Hermilo Aranda, Marvey Altuzar, Angélica Altuzar y yo jugamos un juego el otro día. Jugamos al juego “¿En qué instante te volviste lector?”. Este juego no tiene una respuesta única. Como todo acto de vida éste también tiene muchos puentes.
Crucé un puente el día que mi mamá me dijo que su abuela leía mucho. Cuando nací mi mamá me regaló ese gajo que la Nana Mía sembró muchos años antes. Si mi bisabuela fue gran lectora no hay nada de asombro en que yo tenga esa vocación. Lo que Somos tiene mucho qué ver con lo que fueron nuestros ancestros. Lo mismo sucede con los pueblos. El Comitán de hoy es fruto de los andamios de siglos pasados.
¿En qué instante me volví lector? Muchos instantes definieron mi vocación de lector. Hoy bendigo cada uno de esos instantes.

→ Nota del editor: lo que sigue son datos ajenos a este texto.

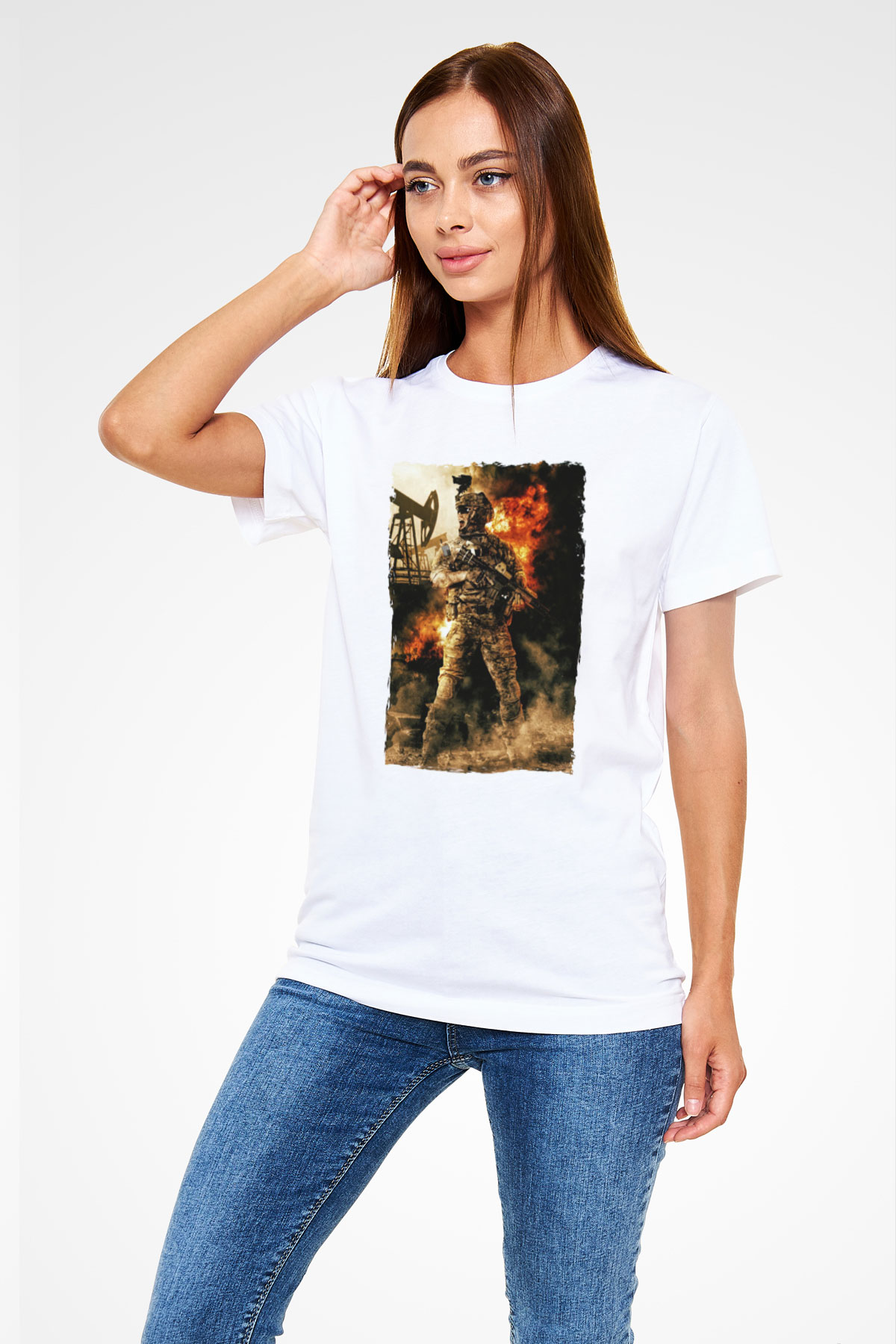Asker Beyaz Unisex Tişört T-Shirt - TişörtFabrikası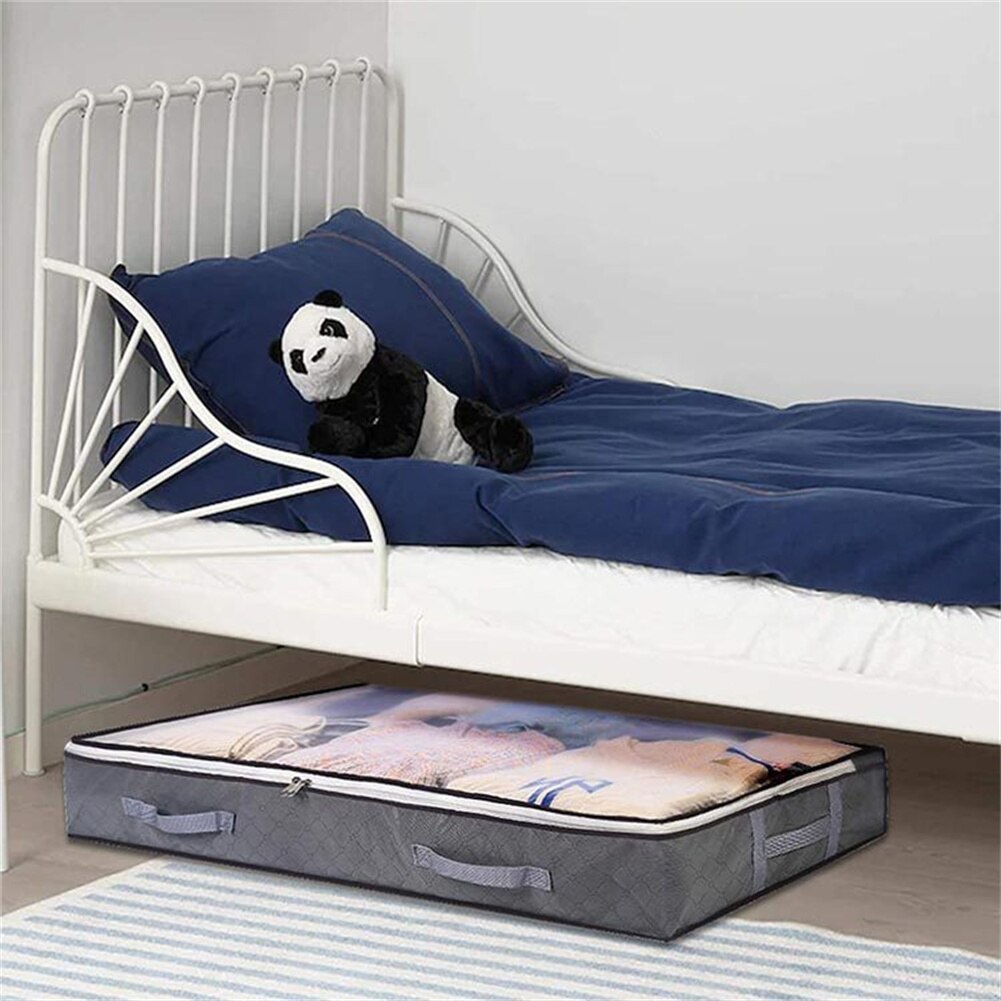 Quilt Opbergtas Niet-geweven Onder Bed Kast Opbergtas Quilt Kleding Organizer Folding Opbergtas Thuis Organiseren 100x50x15cm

Sé que el libro ha sido el más fiel de mis acompañantes. Sé que con el libro he estado más tiempo que con cualquiera de mis afectos. El libro me ha acompañado en las buenas y en las malas. Ha estado a mi lado a la hora del café y a la hora en que he tomado cerveza y trago. El libro ha sido el testigo de los instantes de insomnio y de las noches en que no he despertado para algo.
Hace diez años, cuando abordé un avión en el Aeropuerto “Copalar” para ir a Oaxaca y extraviarme de este pueblo durante nueve años, llevé en mi mochila un pantalón, una camisa, un par de calcetines, un juego de ropa interior y tres libros: dos de Julio Cortázar y la Biblia.
Puedo renunciar a todo menos a mi vocación de lector.
Cuando regresé a mi pueblo, conmigo regresaron los tres libros. Igual que yo volvieron más viejos, con cierto olor a humedad, pero regresaron más llenos de subrayados y de notas al calce; como que volvieron más libros, más plenos, con alas más grandes, con más luz.
Mi papá no era gran lector, mi mamá tampoco ha leído mucho. En la casa de mi niñez no hubo muchos libros (Sí hubo, por el contrario, muchos envases de refresco y de cerveza porque mi papá fue distribuidor de la Coca Cola y de la Cerveza Carta Blanca).
Pero en algún “instante” un libro se coló como una cucaracha y, como toda plaga benigna, luego otro libro apareció y todo fue como si cada uno de ellos fuera un color del arco iris. Hoy, dedico mis mañanas, tardes y noches a la búsqueda del tesoro que hay al final del arco iris. Sé que la leyenda no es cierta y que al final del Arco Iris hay nada, pero también sé que el viaje no importa por el destino sino por el trayecto. El chiste de la vida es el camino, las piedras, las flores, las montañas, los ríos, los atajos y los miles de hombres y mujeres con los que platicamos en las posadas, en las fondas y en las plazas.
Cuando cumplí diecisiete años decidí estudiar Ingeniería en Electrónica. Me inscribí en la UNAM y asistí a mis clases. En el tercer semestre de la carrera, en la cátedra de Electricidad I, el maestro -desde el primer día de clases- concluía su cátedra con literatura. Decía que los ingenieros no podían estar alejados del humanismo. Una tarde descubrí lo que ya sabía: de todas las clases me gustaba la de Electricidad no por las Resistencias ni la Ley de Ohm sino por esos diez minutos en que la literatura hacía su maravillosa aparición. Este fue otro instante. Porque el primer instante apenas es un titubeo. Como en el primer amor y como sucede con el Iceberg lo importante es lo que está por descubrirse.
No sé si haya un caso similar (tal vez el del escritor Jorge Ibargüengoitia), pero yo descubrí la literatura en la Facultad de Ingeniería. En medio de integrales y derivadas un duende se coló. Hoy bendigo ese instante y bendigo aquel Ingeniero que me enseñó que la vida estaba más concentrada en las letras que en las turbinas y en los cables de alta tensión.